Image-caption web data
--

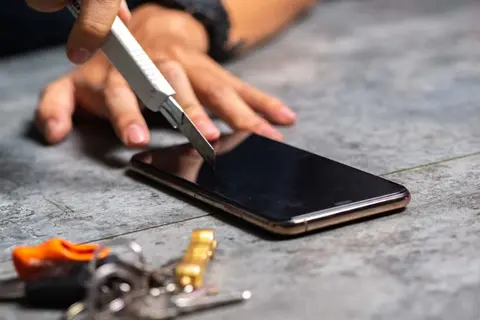 So sánh miếng dán PPF và cường lực chi tiết: Nên sử dụng loại miếng dán nào?
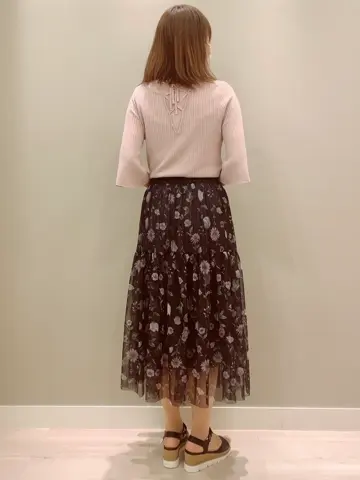 Feroux スタッフ コーディネート画像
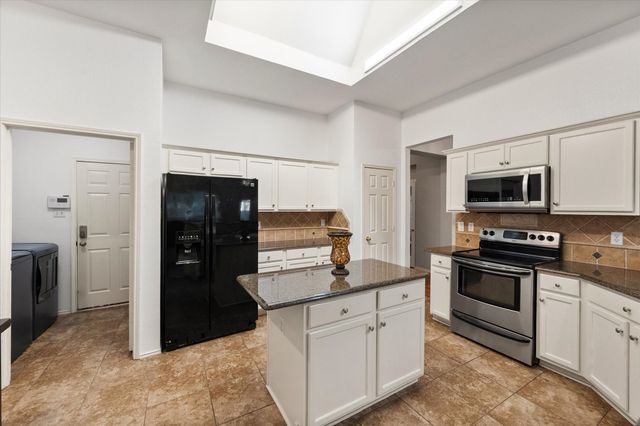 1608 Crestmeadow Lane, Mansfield, TX 76063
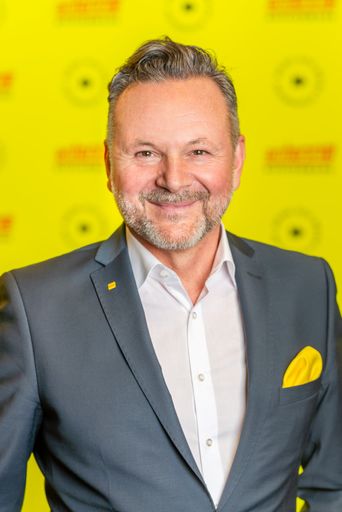 Vorschau Bild von job:_Antenne_Steiermark-000800_1_Teamfotos_Radiotest-©Foto_Jörgler_e
.U. /client:_Antenne_Steiermark_/_Copyright:_©Foto_Jörgler_e.U.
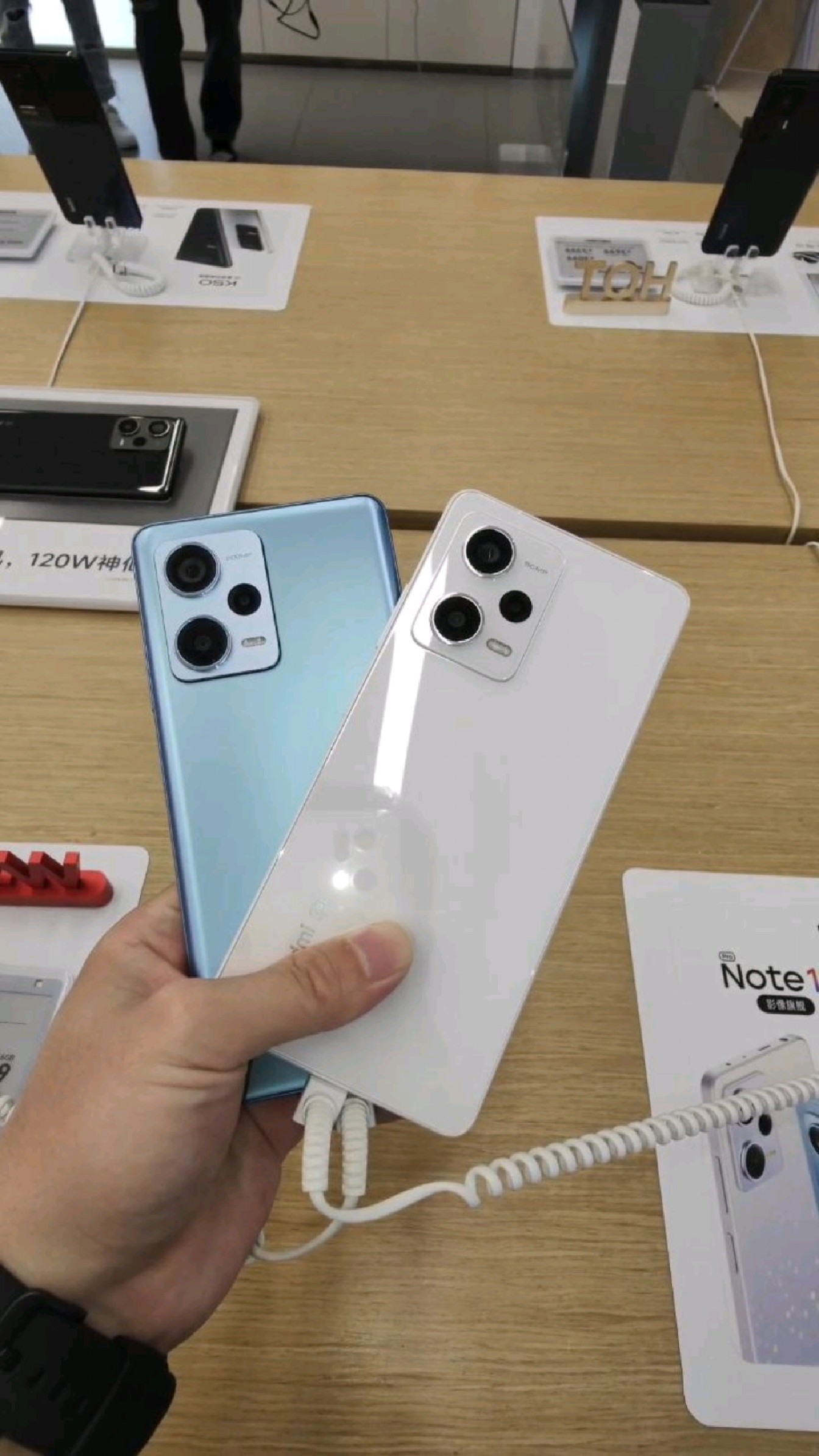 红米note12系列 上手,2亿像素 210w超级闪充,你心动吗?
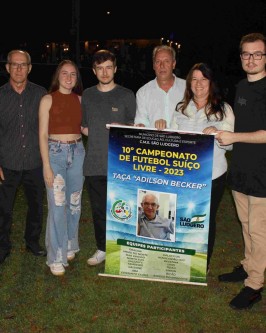 Tamoeiro campeão do Campeonato Municipal de Futebol Suíço Livre taça “Adilson Becker” - Foto 6 Tamoeiro campeão do Campeonato Municipal de Futebol Suíço Livre taça “Adilson Becker” - Foto 6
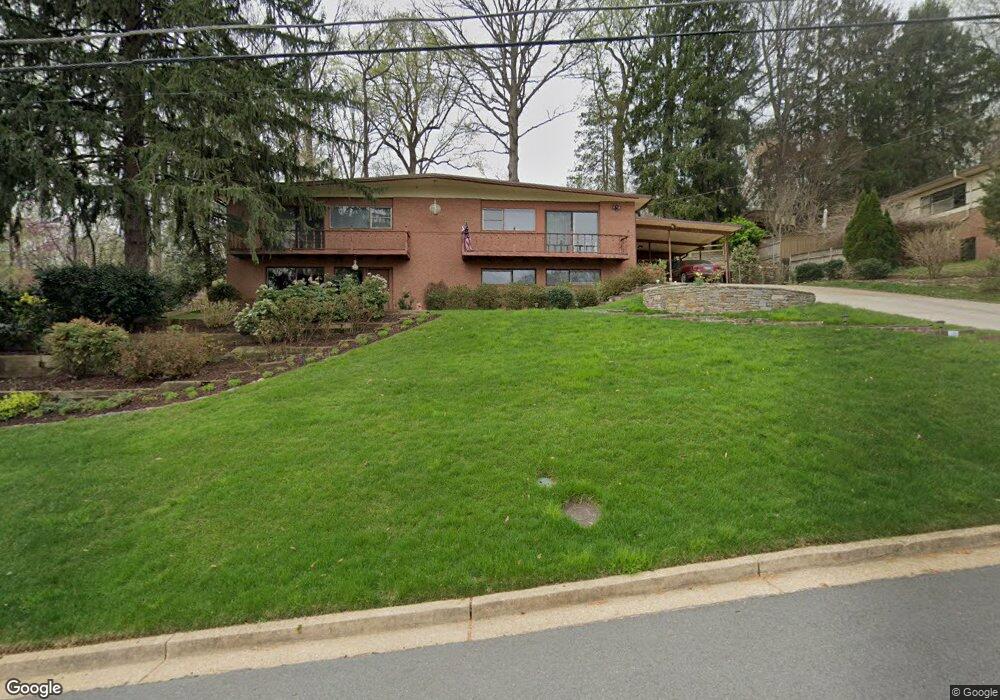 6206 Waterway Dr, Falls Church, VA 22044 - photo 1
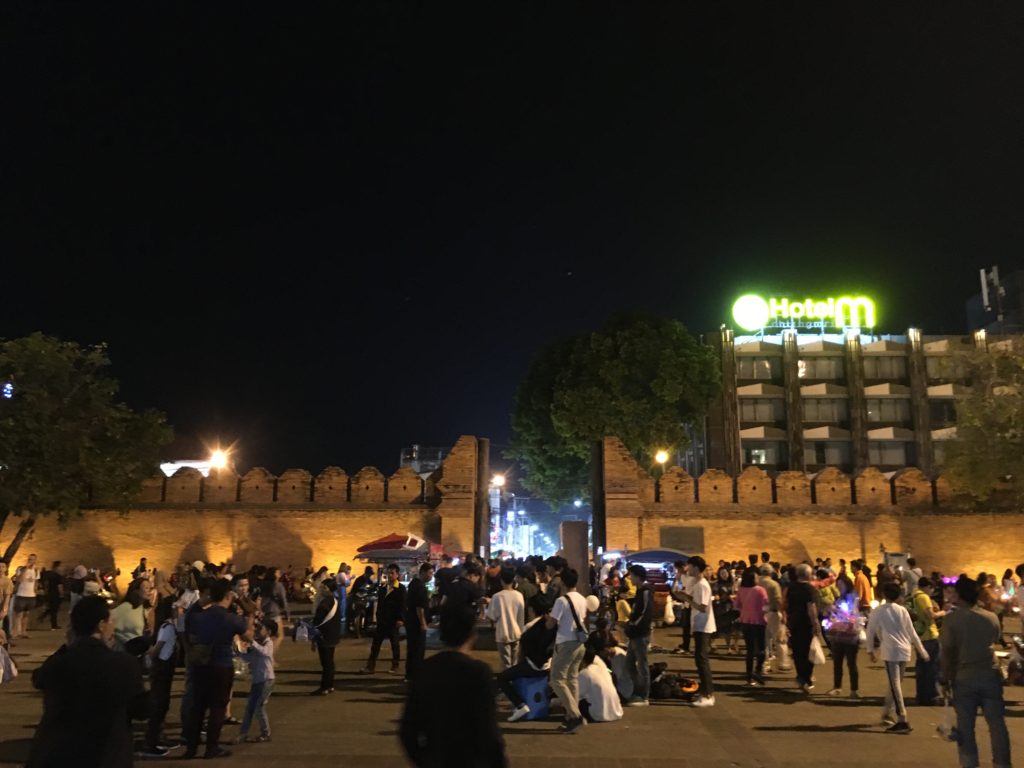 旧市街南側チェンマイ門から行ってみた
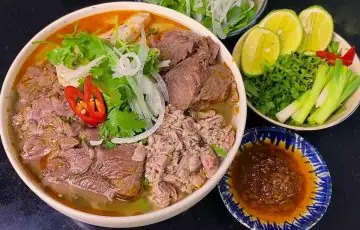 Bánh Khoái Cá Kình Làng Chuồn: Bí Quyết Thưởng Thức Món Ăn Vàng Từ Cố Đô Huế Bánh Khoái Cá Kình Làng Chuồn: Bí Quyết Thưởng Thức Món Ăn Vàng Từ Cố Đô Huế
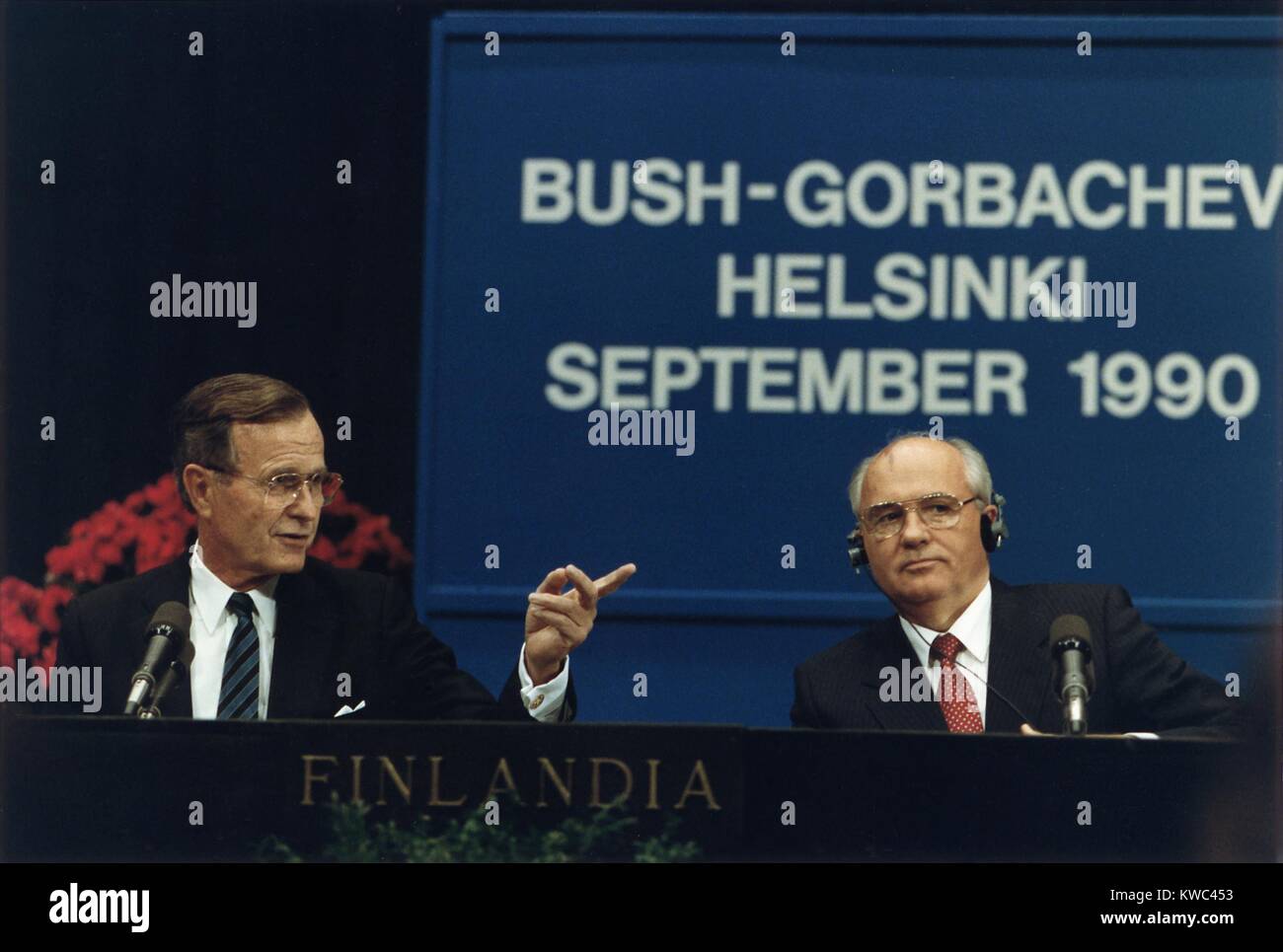 Pres. George H.W. Bush und der sowjetische Pres Michail Gorbatschow auf dem Gipfel von Helsinki, Sept. 9, 1990. Die Tagesordnung wurde durch den Mittleren Osten, vor allem Saddam Husseins Einmarsch in Kuwait dominiert. Die Sowjetunion war von zugseilen Verlust der Osteuropäischen Warschauer Paktes Verbündete und separatistischen Bewegungen innerhalb der UDSSR. (BSLOC 2015 14 78) Stockfoto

--

Directions for this task:
From the records above, return exactly the lines running from the one that contains "Feroux スタッフ コーディネート画像" down to the one that contains "红米note12系列 上手,2亿像素 210w超级闪充,你心动吗?", both included, without any pictures.

Task output:
 Feroux スタッフ コーディネート画像
 1608 Crestmeadow Lane, Mansfield, TX 76063
 Vorschau Bild von job:_Antenne_Steiermark-000800_1_Teamfotos_Radiotest-©Foto_Jörgler_e
.U. /client:_Antenne_Steiermark_/_Copyright:_©Foto_Jörgler_e.U.
 红米note12系列 上手,2亿像素 210w超级闪充,你心动吗?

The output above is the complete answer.